— Data records —
*-*-*

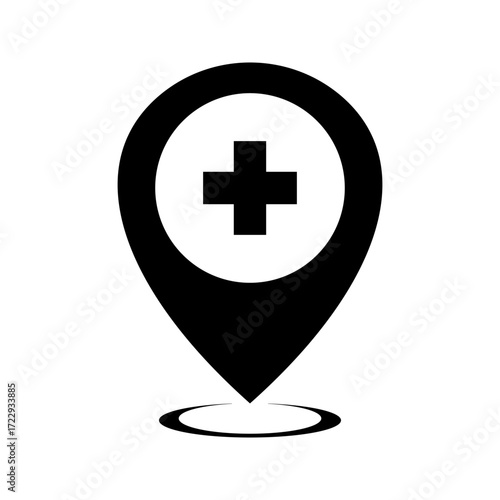 hospital location map pointer, cross icon with location pin, black filled symbol isolated on white background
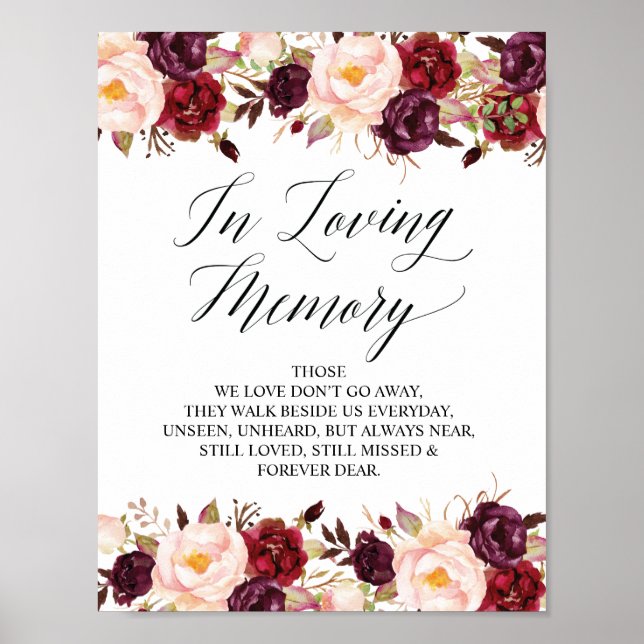 Poster Panneau de table commémoratif de mariage en souven (Devant)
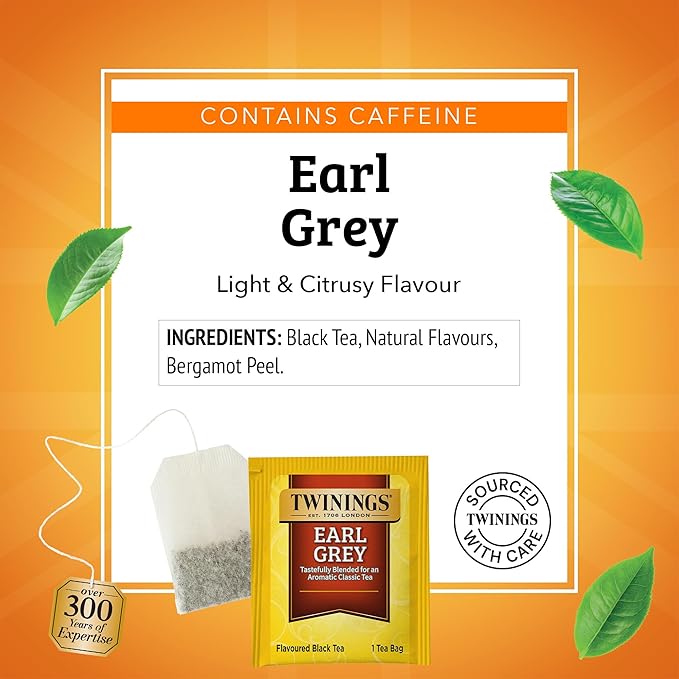 Twinings Earl Grey Black Tea Individually Wrapped Bags, 20 Count (Pack of 2), Flavoured with Citrus and Bergamot, Caffeinated, Enjoy Hot or Iced, 20 Teabags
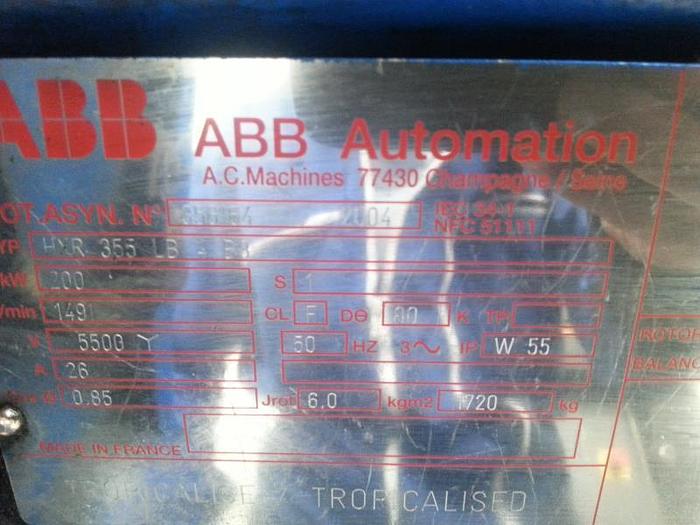 Used 2004 motor ABB HXR355 B3 200kW 5500Y - 200kW
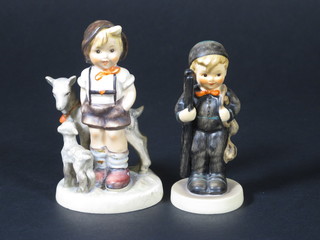 2 Hummel figures - The Chimney Sweep 4" and boy with goats 4  1/2"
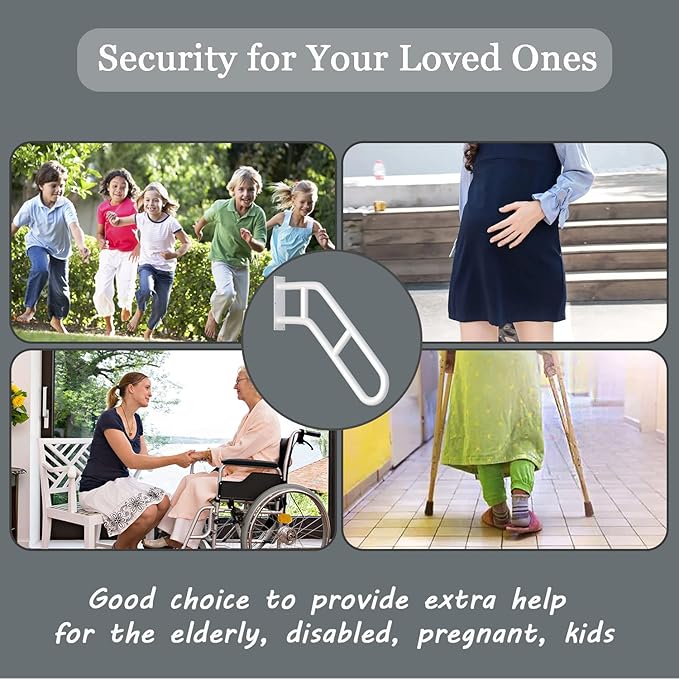 Upgraded Stair Handrails for 1-3 Steps, 27" Bent Handrails for Outdoor Steps, Wall Mounted Stair Railing U-Shaped Safety Grab Bar with 2 Anti-Skid Crossbar for Garage, Porch, Garden, Yard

*-*-*

All lines from the first in the listing above to the line containing "2 Hummel figures", inclusive, go in the output exactly as they are; no pictures go in.

— Reply to the exercise —
 hospital location map pointer, cross icon with location pin, black filled symbol isolated on white background
 Poster Panneau de table commémoratif de mariage en souven (Devant)
 Twinings Earl Grey Black Tea Individually Wrapped Bags, 20 Count (Pack of 2), Flavoured with Citrus and Bergamot, Caffeinated, Enjoy Hot or Iced, 20 Teabags
 Used 2004 motor ABB HXR355 B3 200kW 5500Y - 200kW
 2 Hummel figures - The Chimney Sweep 4" and boy with goats 4  1/2"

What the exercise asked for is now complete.